Exercise >> Using the listing below, copy exactly the lines from the one containing "Used 2022 Nissan" to the one containing "Wood Pool & * Visoko", both lines included, and no others.

Extracted material >>

* * *

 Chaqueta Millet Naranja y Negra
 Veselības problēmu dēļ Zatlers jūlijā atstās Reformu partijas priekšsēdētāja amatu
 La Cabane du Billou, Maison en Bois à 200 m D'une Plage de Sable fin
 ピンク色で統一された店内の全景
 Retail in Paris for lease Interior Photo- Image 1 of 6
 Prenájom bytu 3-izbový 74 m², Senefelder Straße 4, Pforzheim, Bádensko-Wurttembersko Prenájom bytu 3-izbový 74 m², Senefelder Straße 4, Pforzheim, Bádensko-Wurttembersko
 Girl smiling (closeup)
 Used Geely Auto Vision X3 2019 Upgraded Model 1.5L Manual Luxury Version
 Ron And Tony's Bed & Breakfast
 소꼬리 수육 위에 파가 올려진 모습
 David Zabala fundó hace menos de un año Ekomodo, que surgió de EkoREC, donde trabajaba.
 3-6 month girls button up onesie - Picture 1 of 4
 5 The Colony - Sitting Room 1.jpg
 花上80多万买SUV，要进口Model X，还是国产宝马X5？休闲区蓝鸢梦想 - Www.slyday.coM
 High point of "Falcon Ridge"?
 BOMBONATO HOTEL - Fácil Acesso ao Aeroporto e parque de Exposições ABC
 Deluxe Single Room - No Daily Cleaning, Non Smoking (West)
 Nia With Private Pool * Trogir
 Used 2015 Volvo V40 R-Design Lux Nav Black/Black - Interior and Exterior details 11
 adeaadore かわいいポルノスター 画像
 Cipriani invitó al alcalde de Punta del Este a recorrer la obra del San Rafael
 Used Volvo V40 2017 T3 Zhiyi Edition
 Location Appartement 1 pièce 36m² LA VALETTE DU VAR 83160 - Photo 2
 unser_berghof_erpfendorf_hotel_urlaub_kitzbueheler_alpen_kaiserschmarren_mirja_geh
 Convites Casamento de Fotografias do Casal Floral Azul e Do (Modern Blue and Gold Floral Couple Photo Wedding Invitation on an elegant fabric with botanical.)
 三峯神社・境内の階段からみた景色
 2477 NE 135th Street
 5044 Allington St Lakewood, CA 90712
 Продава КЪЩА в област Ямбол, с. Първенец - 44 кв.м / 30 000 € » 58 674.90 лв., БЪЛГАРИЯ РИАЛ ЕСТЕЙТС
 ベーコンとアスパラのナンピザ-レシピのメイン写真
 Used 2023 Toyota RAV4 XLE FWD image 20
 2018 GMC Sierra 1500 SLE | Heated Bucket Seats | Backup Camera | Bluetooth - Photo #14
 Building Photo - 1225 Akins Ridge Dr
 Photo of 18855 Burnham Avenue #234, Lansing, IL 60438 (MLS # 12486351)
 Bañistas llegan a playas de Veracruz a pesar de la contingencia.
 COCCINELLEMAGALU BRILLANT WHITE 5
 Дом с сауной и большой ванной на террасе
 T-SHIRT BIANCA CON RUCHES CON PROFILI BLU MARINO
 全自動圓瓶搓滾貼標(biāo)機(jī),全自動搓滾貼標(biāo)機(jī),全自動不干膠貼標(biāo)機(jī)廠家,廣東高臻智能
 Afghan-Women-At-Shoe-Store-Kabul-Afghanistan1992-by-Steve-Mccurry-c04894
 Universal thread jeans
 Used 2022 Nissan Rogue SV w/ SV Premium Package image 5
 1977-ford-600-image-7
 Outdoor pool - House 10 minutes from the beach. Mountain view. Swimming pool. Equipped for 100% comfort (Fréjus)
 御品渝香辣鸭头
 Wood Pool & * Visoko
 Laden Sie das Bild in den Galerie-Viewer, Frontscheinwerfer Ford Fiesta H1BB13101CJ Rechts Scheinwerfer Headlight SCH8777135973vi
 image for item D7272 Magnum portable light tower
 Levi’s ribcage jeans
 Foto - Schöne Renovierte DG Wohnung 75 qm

* * *

Answer space >>
 Used 2022 Nissan Rogue SV w/ SV Premium Package image 5
 1977-ford-600-image-7
 Outdoor pool - House 10 minutes from the beach. Mountain view. Swimming pool. Equipped for 100% comfort (Fréjus)
 御品渝香辣鸭头
 Wood Pool & * Visoko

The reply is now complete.